Yes I'm interested in that too. Can you truly squeeze in a full time job and writing at the same time? And how do you deal with rejection? I've found it particularly hard not to give up at times.

 

Niki72: I am irrefutable proof that you can do a full-time job and write. Dealing with rejection comes with being a writer, just as everyone casts a shadow that is dark and always trails in your wake. You get used to it, and soon don't notice it. As I mentioned, FIVE AMBER BEADS was rejected unanimously in the US, but came out to acclaim here before that. And IT'S JUST THE BEATING OF MY HEART is being rejected regularly now over in the US: I get one email from my US agent with another rejection, and then another from my UK editor alerting me to a glowing review in the papers or online here. Weird.

 

Well - you got it right. My father was an alcoholic and I think that you capture the self-delusion and desperation of the disease absolutely spot-on.
Do you write every day? How long do you write for in each session?
Tony: I write as often as my energy allows - perhaps on five of the ten train journeys that I make between Cambridge and King's Cross each week. Each writing session lasts for about forty minutes. That's pretty much it, apart from taking a notebook with me on my holidays and writing the odd poem and prose idea down in it.

 

Thanks, it puts it all in perspective. As you say some of it is luck and some sheer hard grind and never giving up. Actually I can't give up, every time I try to stop writing I find another story coming on. I was also encouraged to hear that it was one of the smaller publishing houses that took you on as I think that, and the internet in all its forms and guises, is probably the way to go.
A massive thankyou to Richard for his time and his brilliant answers to our many questions. I am very interested to know if this is an exercise that we would like to repeat - so please let me know on this forum. I'll leave this up for a few weeks so that people can read all of the above conversations and gain what they can from it.
Found it really useful and interesting. Thanks Richard and thanks Tony for organising!

 

Very well done then... that doesn't sound like nearly enough time. Where there's a will there are ways I guess.
Yes, thanks very much. I'd like to see more of these, please.
Heartily agree, thanks.
If you want to buy Richard's book then go to: http://www.flambardpress.co.uk/ You can also read an excellent interview with him here: http://www.yvettehawkins.com/?p=415 Thankyou all for your participation. Tony
Tony, this has been great. It would be really good to do it again. Doing it in this way gives the interview such a personal feel which was both inspiring and encouraging. Many thanks to Richard for his replies. More please, Misha.
I totally forgot this was happening! I've just read it all and it's much better than I though it would be. Both questions and answers were brilliant. Yes please do more of them

 

I agree this was really great, I was working so couldn't participate at the time, but his comments were really insightful.
I've just read through the comments and it was illuminating.

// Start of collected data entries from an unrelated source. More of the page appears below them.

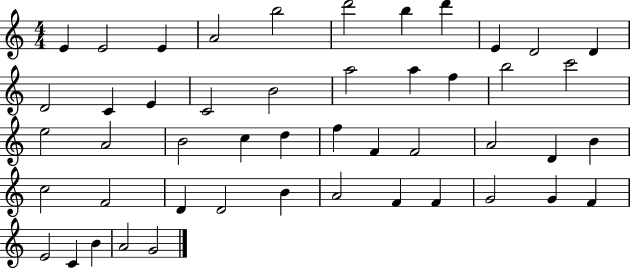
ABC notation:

X:1
T:Untitled
M:4/4
L:1/4
K:C
E E2 E A2 b2 d'2 b d' E D2 D D2 C E C2 B2 a2 a f b2 c'2 e2 A2 B2 c d f F F2 A2 D B c2 F2 D D2 B A2 F F G2 G F E2 C B A2 G2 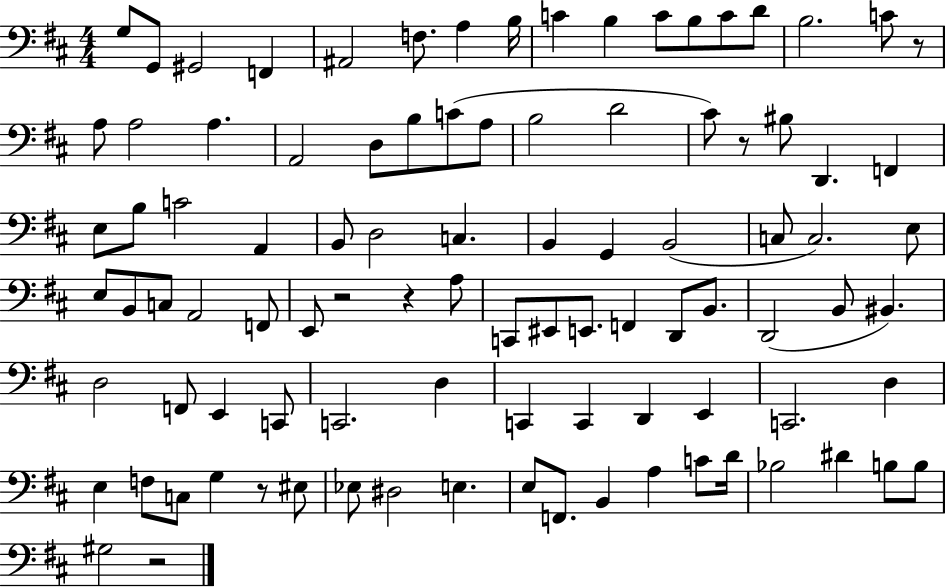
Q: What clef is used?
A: bass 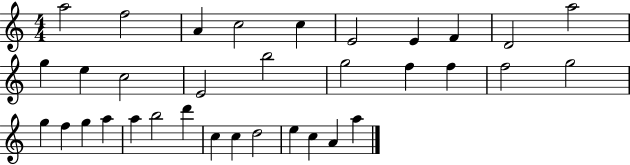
{
  \clef treble
  \numericTimeSignature
  \time 4/4
  \key c \major
  a''2 f''2 | a'4 c''2 c''4 | e'2 e'4 f'4 | d'2 a''2 | \break g''4 e''4 c''2 | e'2 b''2 | g''2 f''4 f''4 | f''2 g''2 | \break g''4 f''4 g''4 a''4 | a''4 b''2 d'''4 | c''4 c''4 d''2 | e''4 c''4 a'4 a''4 | \break \bar "|."
} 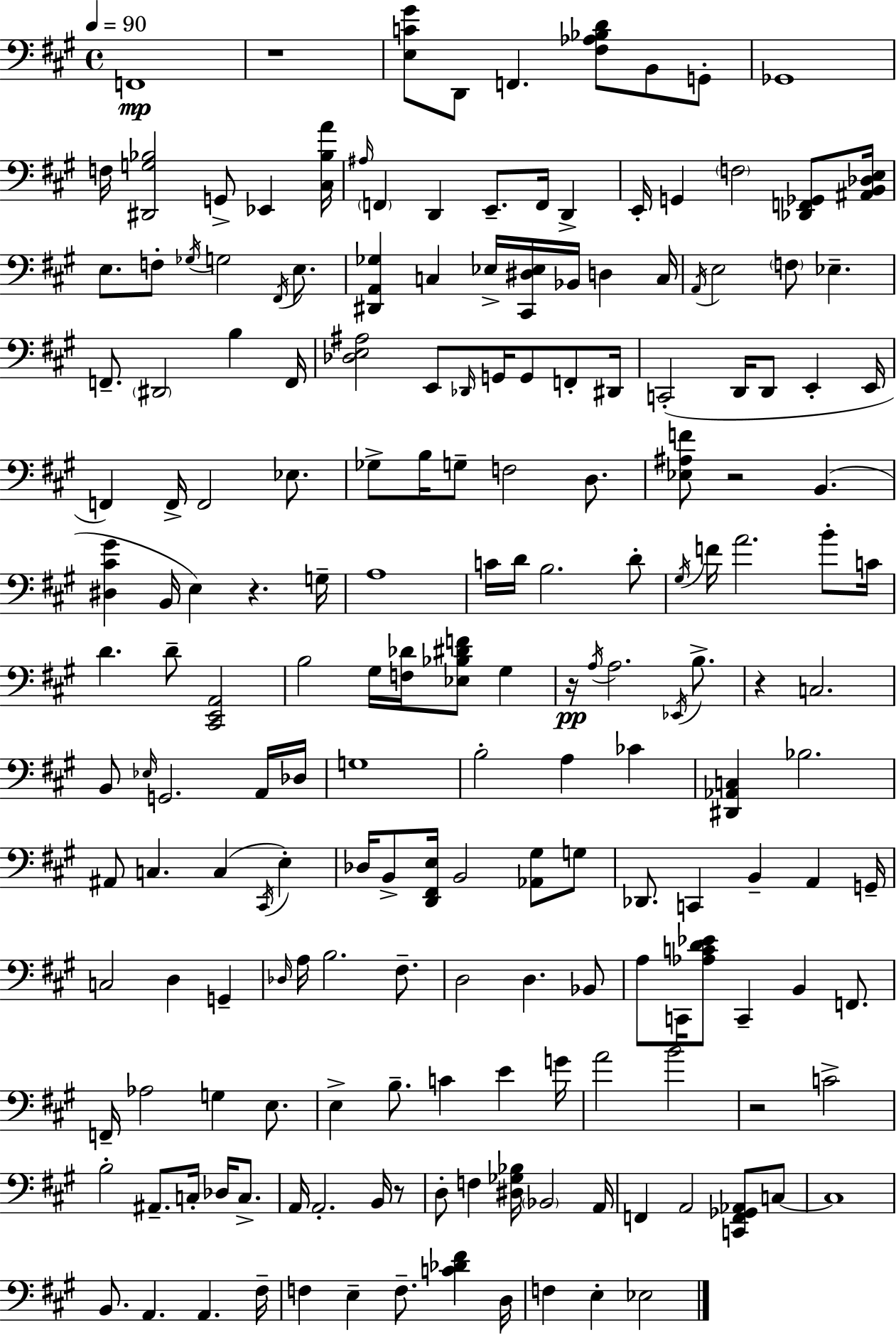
X:1
T:Untitled
M:4/4
L:1/4
K:A
F,,4 z4 [E,C^G]/2 D,,/2 F,, [^F,_A,_B,D]/2 B,,/2 G,,/2 _G,,4 F,/4 [^D,,G,_B,]2 G,,/2 _E,, [^C,_B,A]/4 ^A,/4 F,, D,, E,,/2 F,,/4 D,, E,,/4 G,, F,2 [_D,,F,,_G,,]/2 [^A,,B,,_D,E,]/4 E,/2 F,/2 _G,/4 G,2 ^F,,/4 E,/2 [^D,,A,,_G,] C, _E,/4 [^C,,^D,_E,]/4 _B,,/4 D, C,/4 A,,/4 E,2 F,/2 _E, F,,/2 ^D,,2 B, F,,/4 [_D,E,^A,]2 E,,/2 _D,,/4 G,,/4 G,,/2 F,,/2 ^D,,/4 C,,2 D,,/4 D,,/2 E,, E,,/4 F,, F,,/4 F,,2 _E,/2 _G,/2 B,/4 G,/2 F,2 D,/2 [_E,^A,F]/2 z2 B,, [^D,^C^G] B,,/4 E, z G,/4 A,4 C/4 D/4 B,2 D/2 ^G,/4 F/4 A2 B/2 C/4 D D/2 [^C,,E,,A,,]2 B,2 ^G,/4 [F,_D]/4 [_E,_B,^DF]/2 ^G, z/4 A,/4 A,2 _E,,/4 B,/2 z C,2 B,,/2 _E,/4 G,,2 A,,/4 _D,/4 G,4 B,2 A, _C [^D,,_A,,C,] _B,2 ^A,,/2 C, C, ^C,,/4 E, _D,/4 B,,/2 [D,,^F,,E,]/4 B,,2 [_A,,^G,]/2 G,/2 _D,,/2 C,, B,, A,, G,,/4 C,2 D, G,, _D,/4 A,/4 B,2 ^F,/2 D,2 D, _B,,/2 A,/2 C,,/4 [_A,CD_E]/2 C,, B,, F,,/2 F,,/4 _A,2 G, E,/2 E, B,/2 C E G/4 A2 B2 z2 C2 B,2 ^A,,/2 C,/4 _D,/4 C,/2 A,,/4 A,,2 B,,/4 z/2 D,/2 F, [^D,_G,_B,]/4 _B,,2 A,,/4 F,, A,,2 [C,,F,,_G,,_A,,]/2 C,/2 C,4 B,,/2 A,, A,, ^F,/4 F, E, F,/2 [C_D^F] D,/4 F, E, _E,2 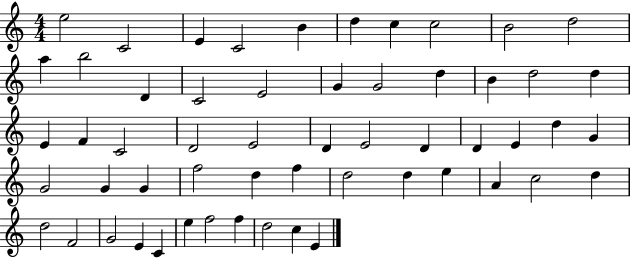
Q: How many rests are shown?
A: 0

Thanks.

 

I missed this, though I found it interesting to read afterwards & would definatly like to join in one if you do more.

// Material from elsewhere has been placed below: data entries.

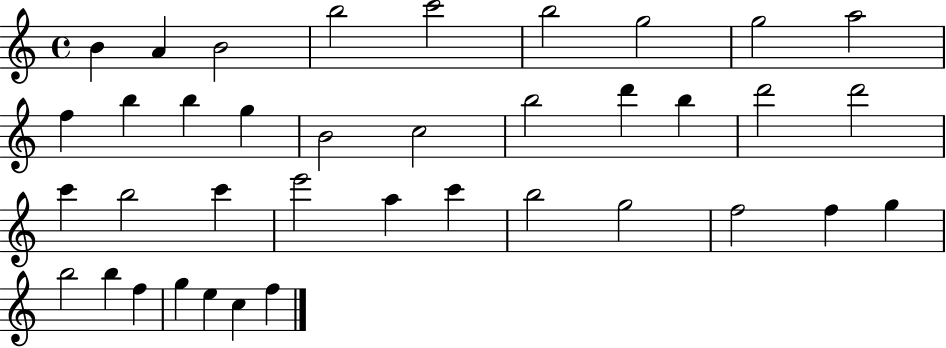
X:1
T:Untitled
M:4/4
L:1/4
K:C
B A B2 b2 c'2 b2 g2 g2 a2 f b b g B2 c2 b2 d' b d'2 d'2 c' b2 c' e'2 a c' b2 g2 f2 f g b2 b f g e c f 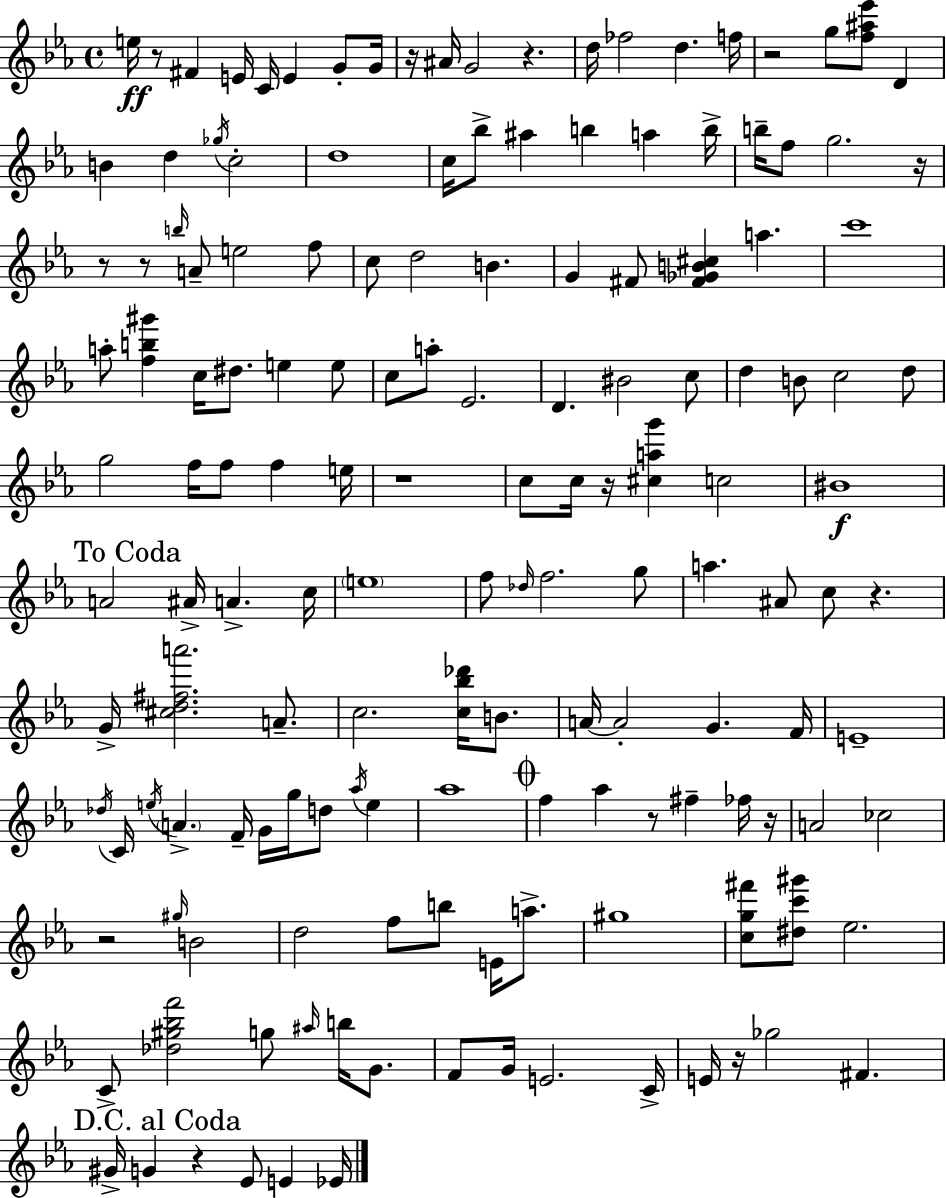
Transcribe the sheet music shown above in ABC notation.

X:1
T:Untitled
M:4/4
L:1/4
K:Eb
e/4 z/2 ^F E/4 C/4 E G/2 G/4 z/4 ^A/4 G2 z d/4 _f2 d f/4 z2 g/2 [f^a_e']/2 D B d _g/4 c2 d4 c/4 _b/2 ^a b a b/4 b/4 f/2 g2 z/4 z/2 z/2 b/4 A/2 e2 f/2 c/2 d2 B G ^F/2 [^F_GB^c] a c'4 a/2 [fb^g'] c/4 ^d/2 e e/2 c/2 a/2 _E2 D ^B2 c/2 d B/2 c2 d/2 g2 f/4 f/2 f e/4 z4 c/2 c/4 z/4 [^cag'] c2 ^B4 A2 ^A/4 A c/4 e4 f/2 _d/4 f2 g/2 a ^A/2 c/2 z G/4 [^cd^fa']2 A/2 c2 [c_b_d']/4 B/2 A/4 A2 G F/4 E4 _d/4 C/4 e/4 A F/4 G/4 g/4 d/2 _a/4 e _a4 f _a z/2 ^f _f/4 z/4 A2 _c2 z2 ^g/4 B2 d2 f/2 b/2 E/4 a/2 ^g4 [cg^f']/2 [^dc'^g']/2 _e2 C/2 [_d^g_bf']2 g/2 ^a/4 b/4 G/2 F/2 G/4 E2 C/4 E/4 z/4 _g2 ^F ^G/4 G z _E/2 E _E/4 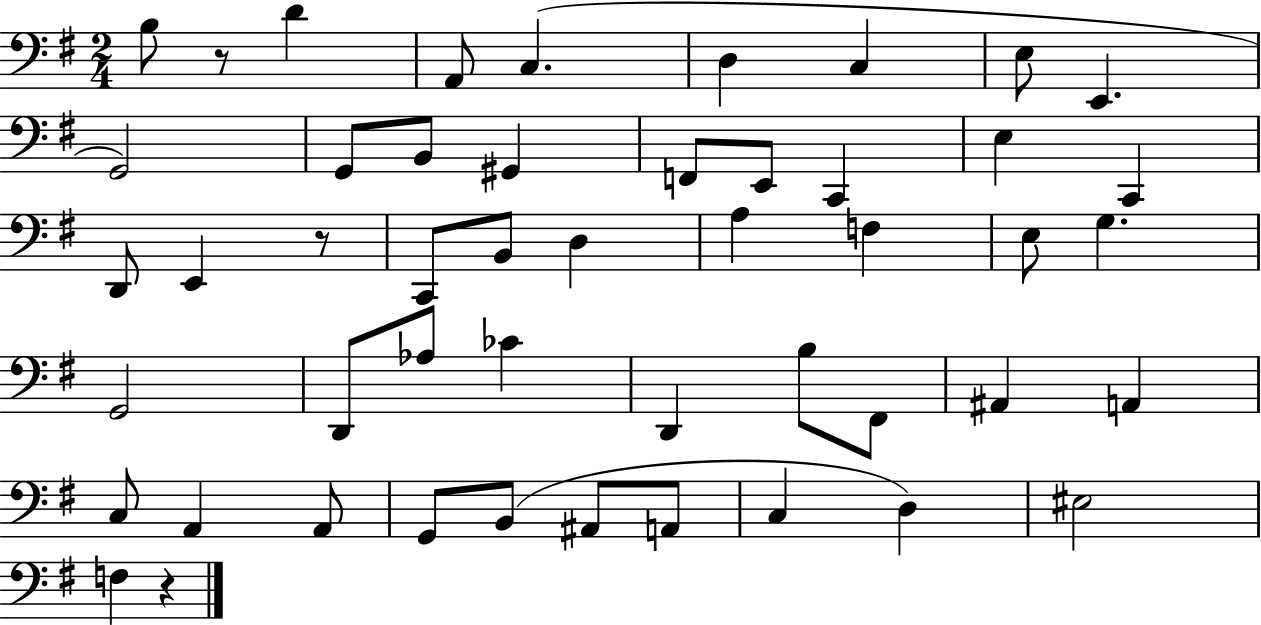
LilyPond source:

{
  \clef bass
  \numericTimeSignature
  \time 2/4
  \key g \major
  \repeat volta 2 { b8 r8 d'4 | a,8 c4.( | d4 c4 | e8 e,4. | \break g,2) | g,8 b,8 gis,4 | f,8 e,8 c,4 | e4 c,4 | \break d,8 e,4 r8 | c,8 b,8 d4 | a4 f4 | e8 g4. | \break g,2 | d,8 aes8 ces'4 | d,4 b8 fis,8 | ais,4 a,4 | \break c8 a,4 a,8 | g,8 b,8( ais,8 a,8 | c4 d4) | eis2 | \break f4 r4 | } \bar "|."
}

"I will make sense with a few reads \^^/ "

Well, i'll be, he must work hard, writing in his free time on the train to work and still getting his stuff published, very helpful little post, I always imagined published writers sat in a country cottage with a type writer and a wonderful landscape garden, pondering slowly over the next twist in the chapter, not rushing about trying to deal with commuting to a meeting whilst picking out flaws in the latest character. Give me a clockwork orange anyday.

Until we feel our thoughts our thinking remains unfelt

What a great idea. These sorts of forums are much more valuable than any book on writing, I believe. I too add my thanks to Tony and Richard.

 

Good stuff, enjoyed reading the interview.

 

barryj1 Fantastic interview. I'm relatively new to this site but would enjoy more of the same.

barryj1

Thanks so much for leaving this up, Tony. Really interesting questions and well considered, intelligent answers. Very helpful.
Wow I have really enjoyed this too. Huge congrats Aronowitz!

 

Tess Davies I missed this too but have just read it through and it's great, yes, do some more of these, thanks very much.